▶ [Entries supplied]
□ □ □ □

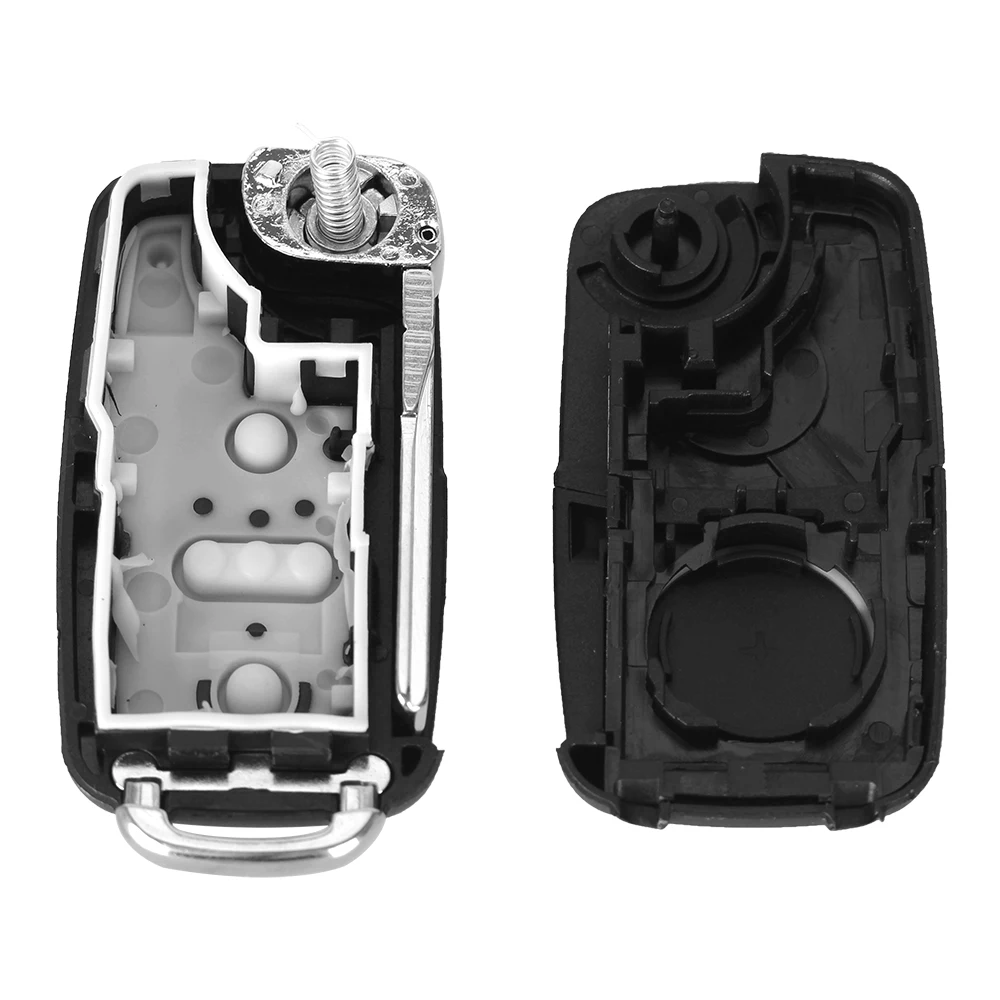 Keyyou новый 3-кнопочный для vw - Фотография_6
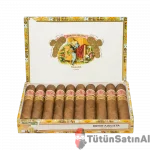 Romeo y Julieta Wide Churchills 10's Puro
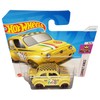Hot Wheels - '60s Fiat 500 Modificado - Compact Kings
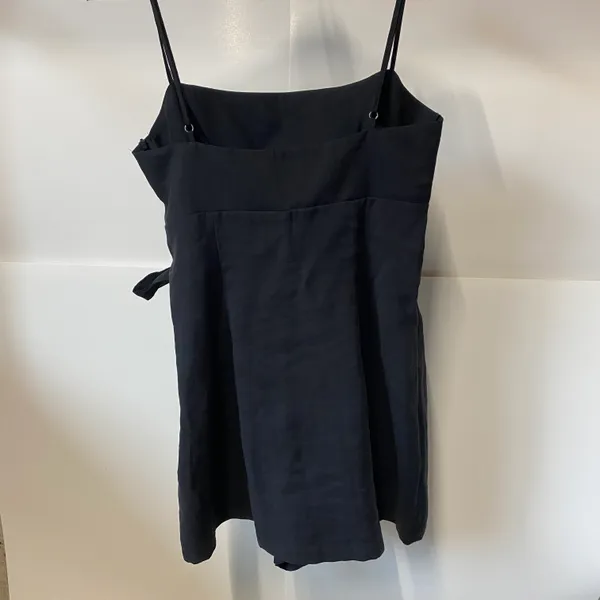 Black Romper - Image 3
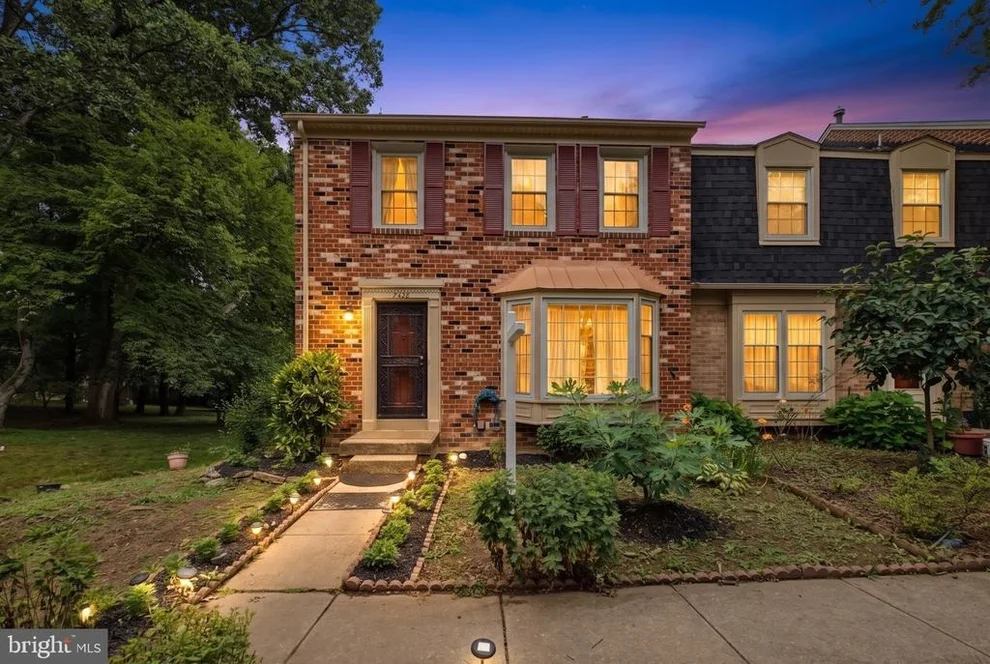 Unit for sale at 7428 FOUNTAIN HEAD DRIVE, ANNANDALE, VA 22003
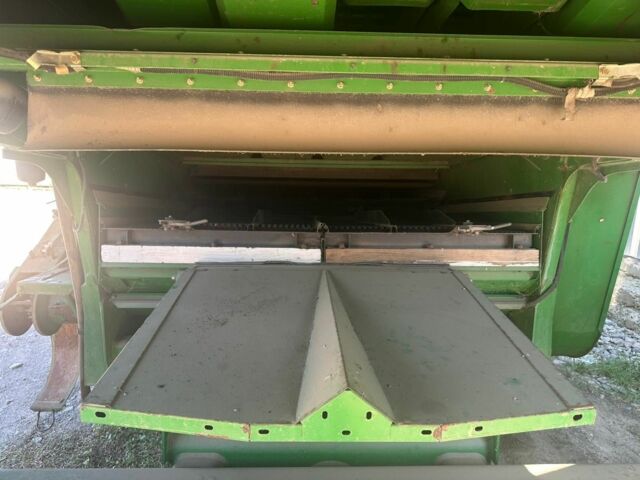 Джон Дір Другая, об'ємом двигуна 0 л та пробігом 4 тис. км за 65000 $, фото 7 на Automoto.ua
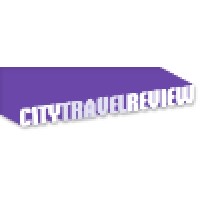 CityTravelReview logo, CityTravelReview contact details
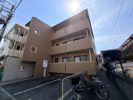 ウエストフィールド里中の外観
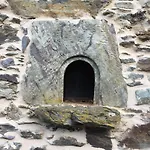 O Muino Da Balsina Дом отдыха Toiriz (Pontevedra)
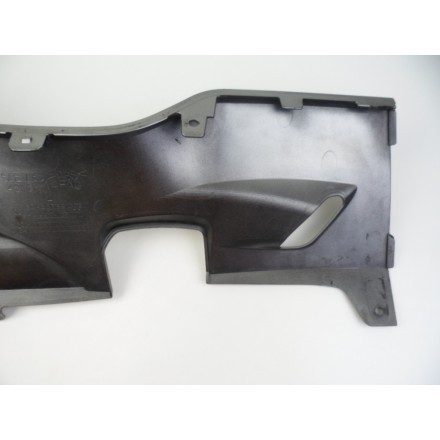 CARENE FIANCHETTI INFERIORI SOTTO PEDANA SUZUKI AN 400 BURGMAN 2002 BUSINESS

□ □ □ □

▶ [Assignment] I would like the exact lines from the data above, starting with the one that holds "Black Romper - Image 3" and going on through the one that holds "O Muino Da Balsina", without the pictures.

▶ [Task answer]
 Black Romper - Image 3
 Unit for sale at 7428 FOUNTAIN HEAD DRIVE, ANNANDALE, VA 22003
 Джон Дір Другая, об'ємом двигуна 0 л та пробігом 4 тис. км за 65000 $, фото 7 на Automoto.ua
 CityTravelReview logo, CityTravelReview contact details
 ウエストフィールド里中の外観
 O Muino Da Balsina Дом отдыха Toiriz (Pontevedra)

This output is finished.